_Activity:_
The result should hold only the lines from the one with "Planets and the" through the final line of the data below, transcribed exactly, pictures left out.

━━━━━ Data in this exercise

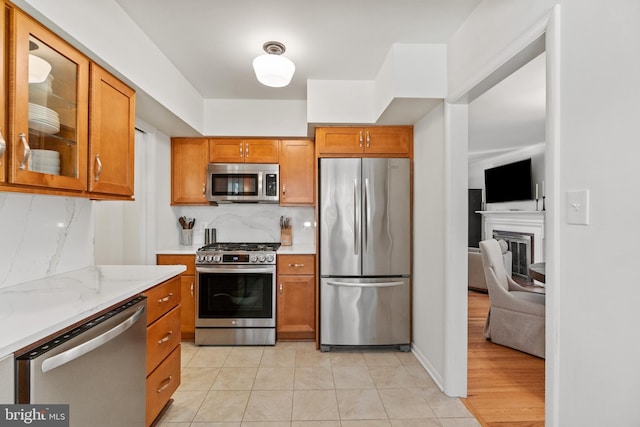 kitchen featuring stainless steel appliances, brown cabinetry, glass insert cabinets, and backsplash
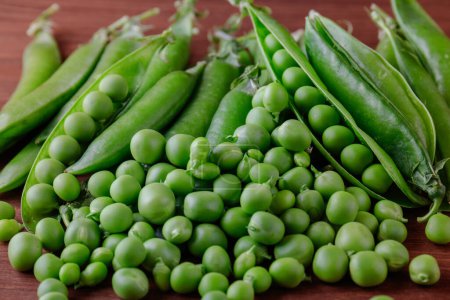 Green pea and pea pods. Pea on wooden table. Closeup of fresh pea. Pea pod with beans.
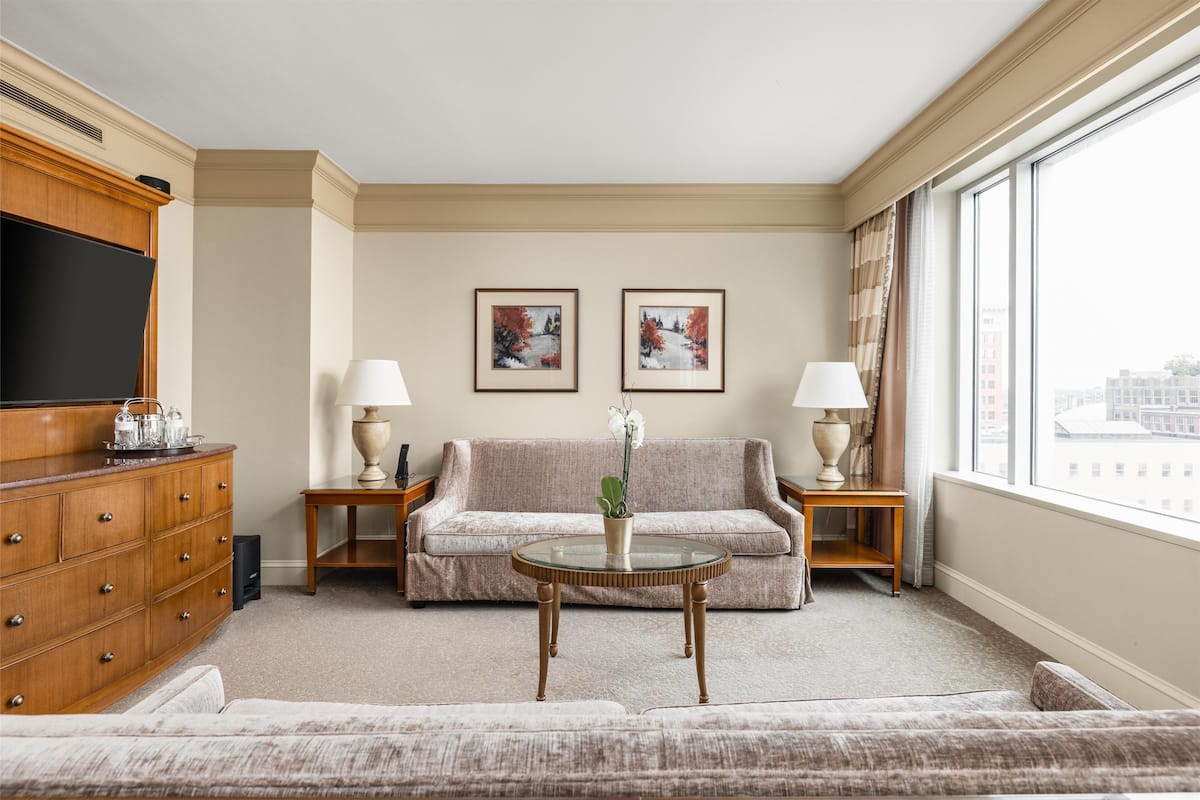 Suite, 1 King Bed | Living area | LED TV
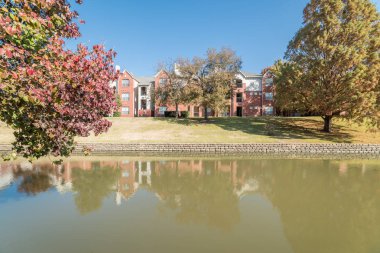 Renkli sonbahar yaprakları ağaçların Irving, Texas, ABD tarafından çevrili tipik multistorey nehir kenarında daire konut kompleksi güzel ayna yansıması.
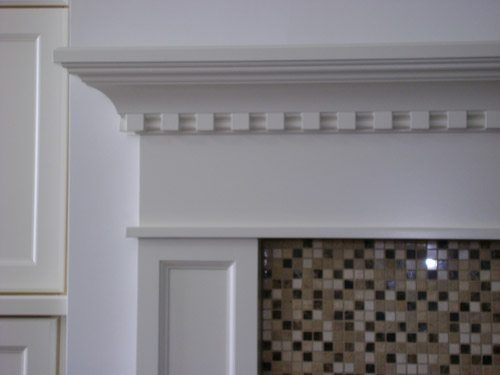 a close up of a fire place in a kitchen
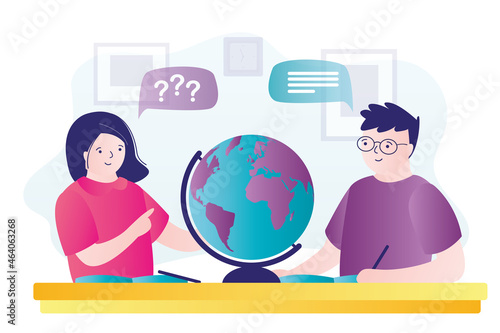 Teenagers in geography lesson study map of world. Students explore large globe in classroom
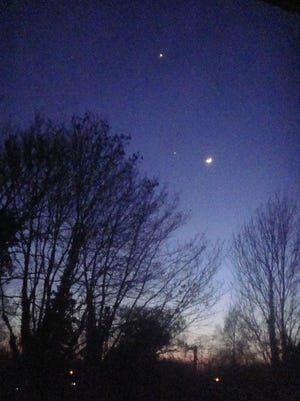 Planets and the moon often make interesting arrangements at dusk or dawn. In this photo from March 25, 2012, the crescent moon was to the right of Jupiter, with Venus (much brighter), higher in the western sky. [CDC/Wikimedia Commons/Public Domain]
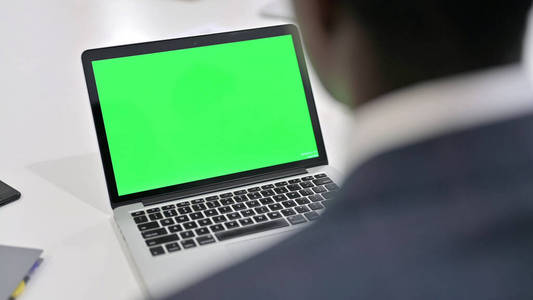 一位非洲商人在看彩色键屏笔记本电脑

━━━━━━━━━━

_Exercise answer:_
 Planets and the moon often make interesting arrangements at dusk or dawn. In this photo from March 25, 2012, the crescent moon was to the right of Jupiter, with Venus (much brighter), higher in the western sky. [CDC/Wikimedia Commons/Public Domain]
 一位非洲商人在看彩色键屏笔记本电脑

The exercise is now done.